▶ [What to produce]:
No pictures, please. Copy exactly the lines from the one with "131 Oak Grove Circle Double Oak, TX 75077" through the final line below.

▶ [Material shown]:
##########
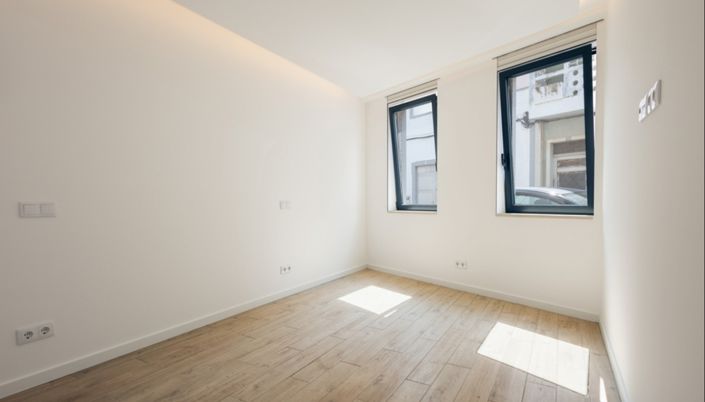 Image No.17-2 Bed Apartment for sale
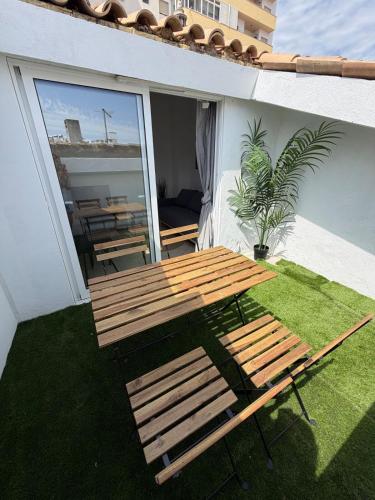 Faro Central Home 5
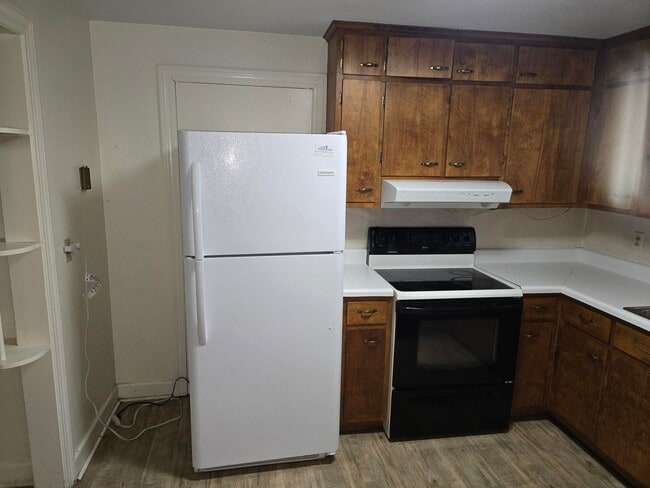 Building Photo - 7933 Belroi Rd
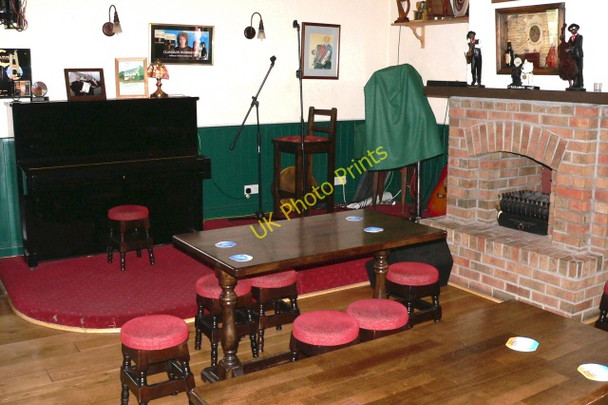 Photo 6"x4" Crolly - Leo's Tavern Crolly c2005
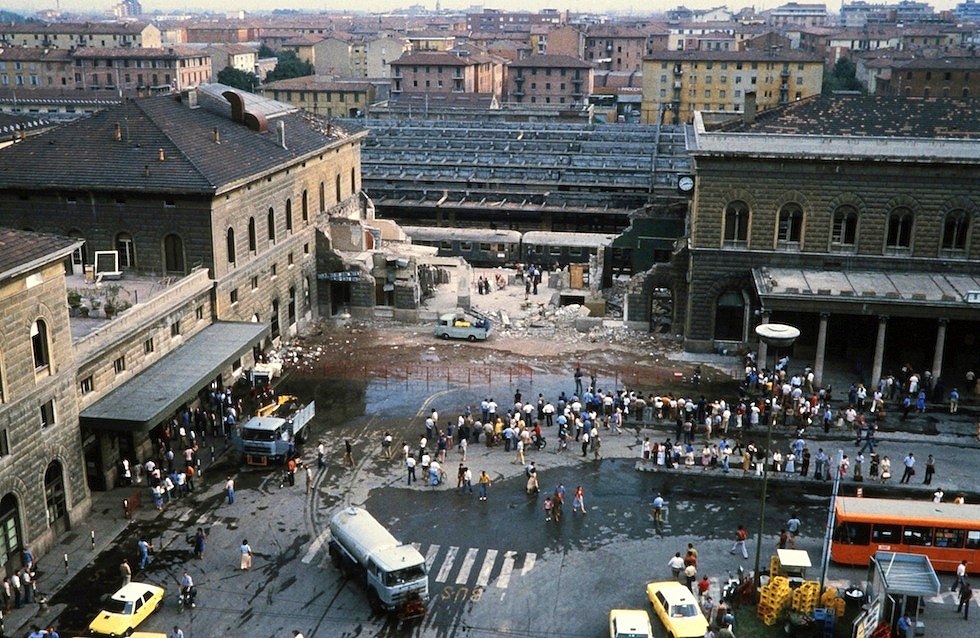 MICHELESIMONEit's tweet photo. Il #2agosto 1980 una bomba del terrorismo neofascista esplode alla stazione di #Bologna e fa 85 vittime e oltre 200 feriti.

Oggi, dopo 40 anni, abbiamo ancora bisogno di Verità e Giustizia, di Memoria e di conoscenza della Storia, per non dimenticare mai! https://t.co/ct1zZFTt0j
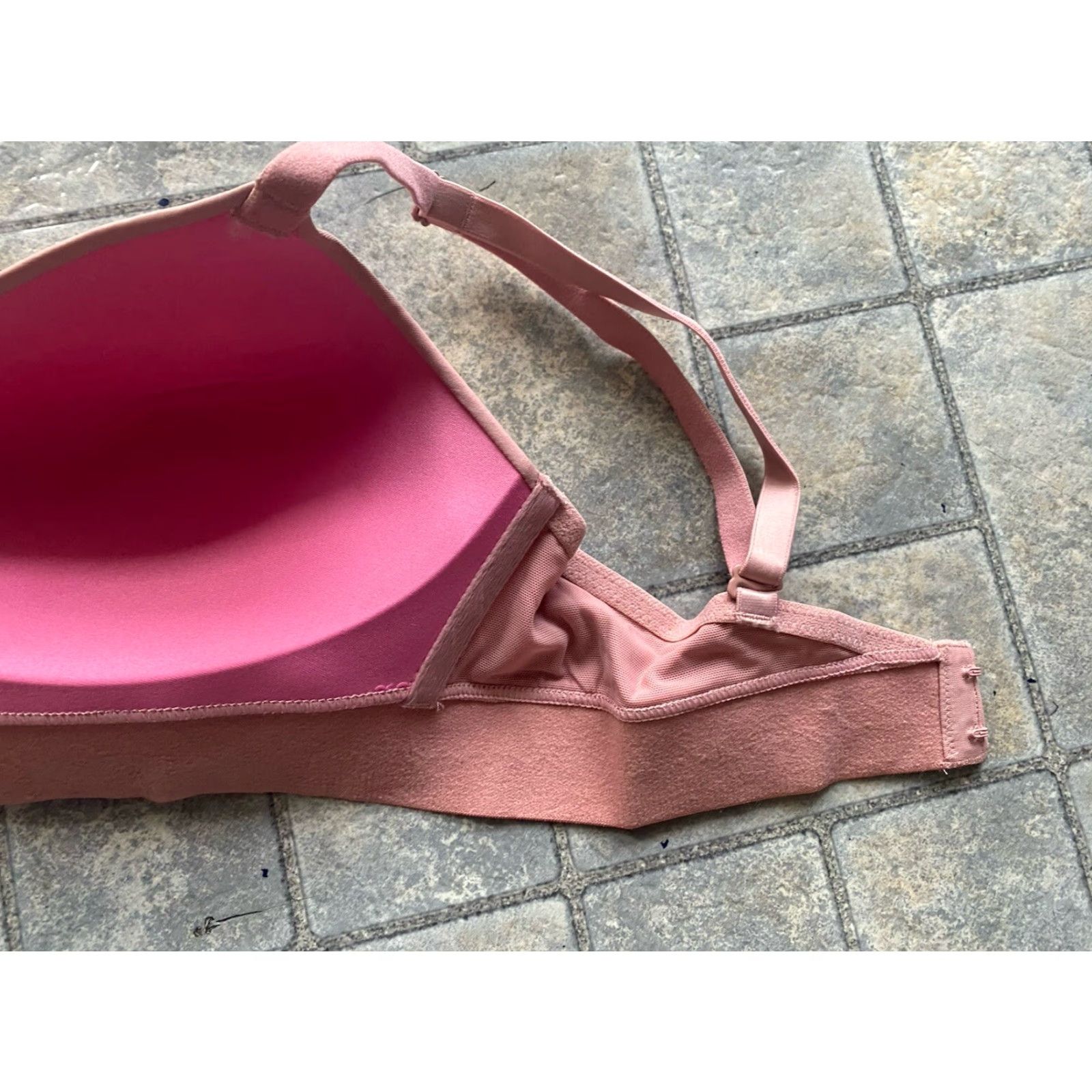 Victoria's Secret Victoria's Secret Pink Bra 36C Wireless Coral Pink NWT Wear Everywhere Womens Size ONE SIZE - 6 Thumbnail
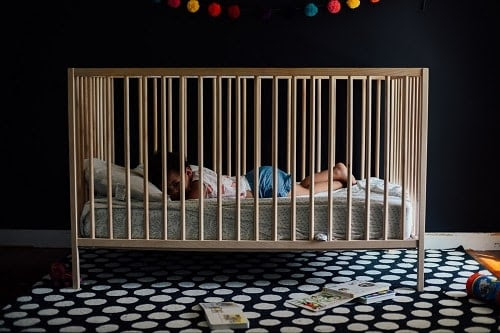 How To Choose The Best Crib Rail Cover For Your Baby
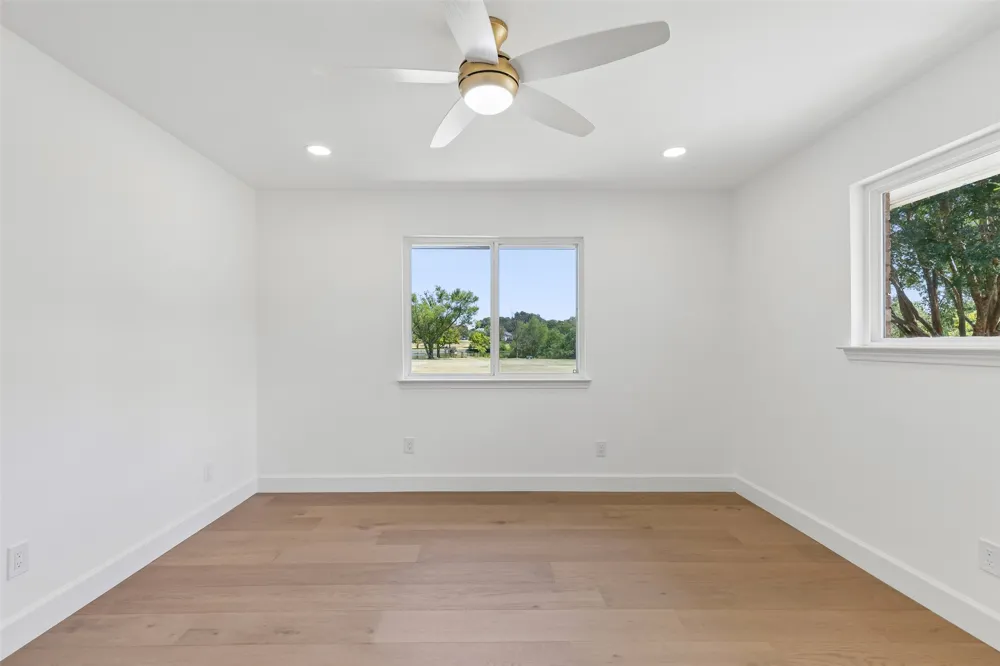131 Oak Grove Circle Double Oak, TX 75077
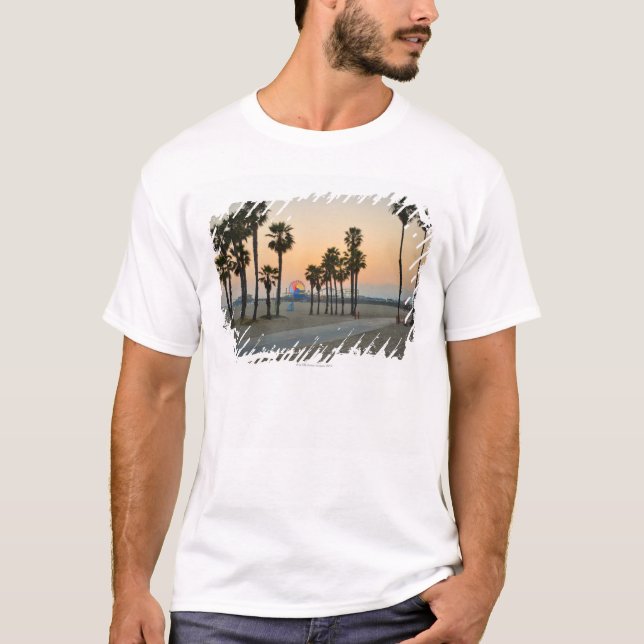 USA, California, Santa Monica Pier at sunset T-Shirt (Front)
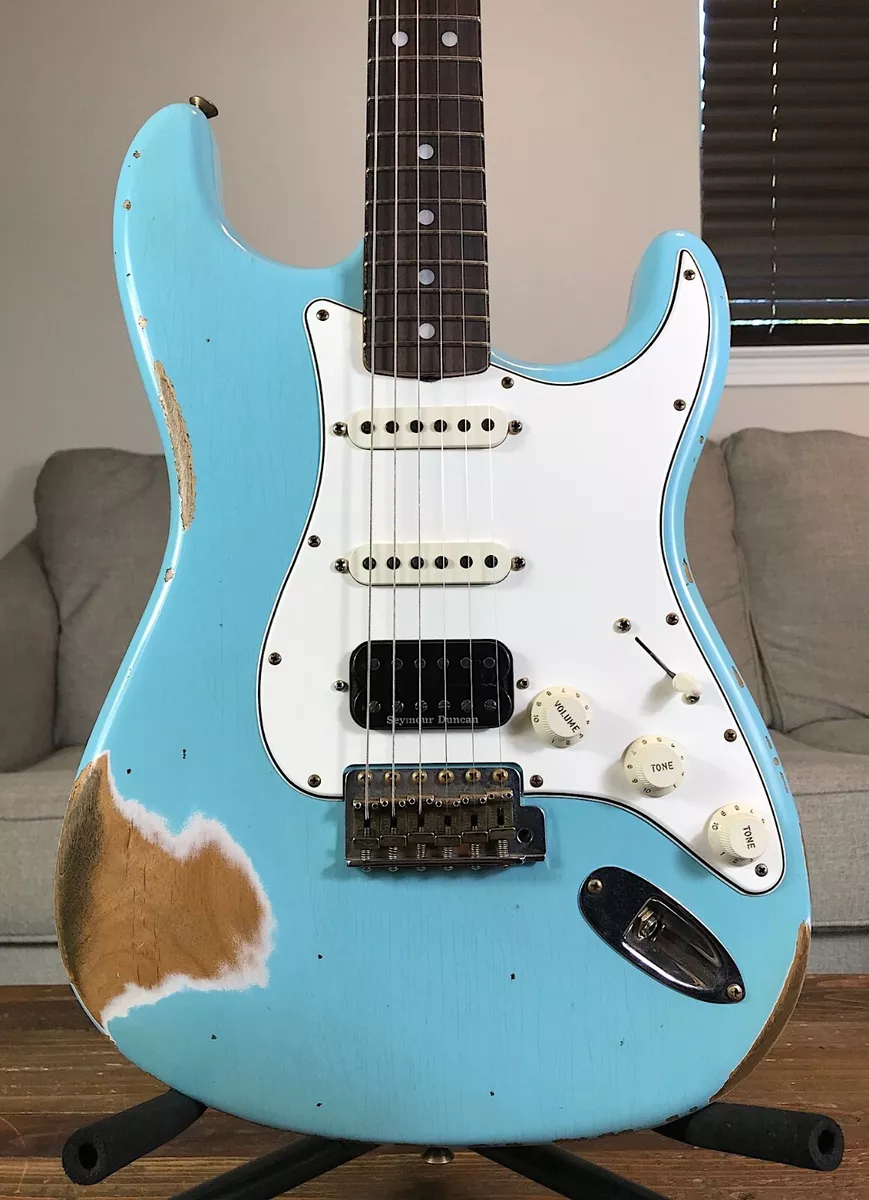 Fender 2024 relic strat
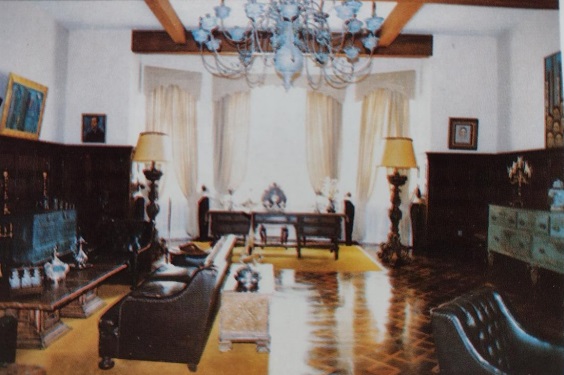 Obra Operários de Tarsila do Amaral e sua disposição no Gabinete do Governador em 1988.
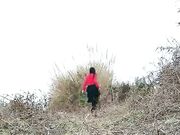 红衣少妇驾车户外野外草地和炮友啪啪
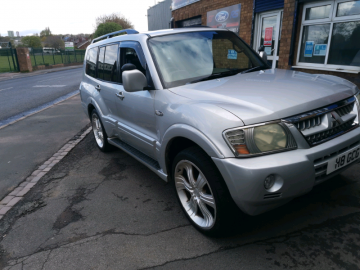 mitsubishi shogun diesel full mot drives outstanding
##########
▶ [Response area]:
131 Oak Grove Circle Double Oak, TX 75077
 USA, California, Santa Monica Pier at sunset T-Shirt (Front)
 Fender 2024 relic strat
 Obra Operários de Tarsila do Amaral e sua disposição no Gabinete do Governador em 1988.
 红衣少妇驾车户外野外草地和炮友啪啪
 mitsubishi shogun diesel full mot drives outstanding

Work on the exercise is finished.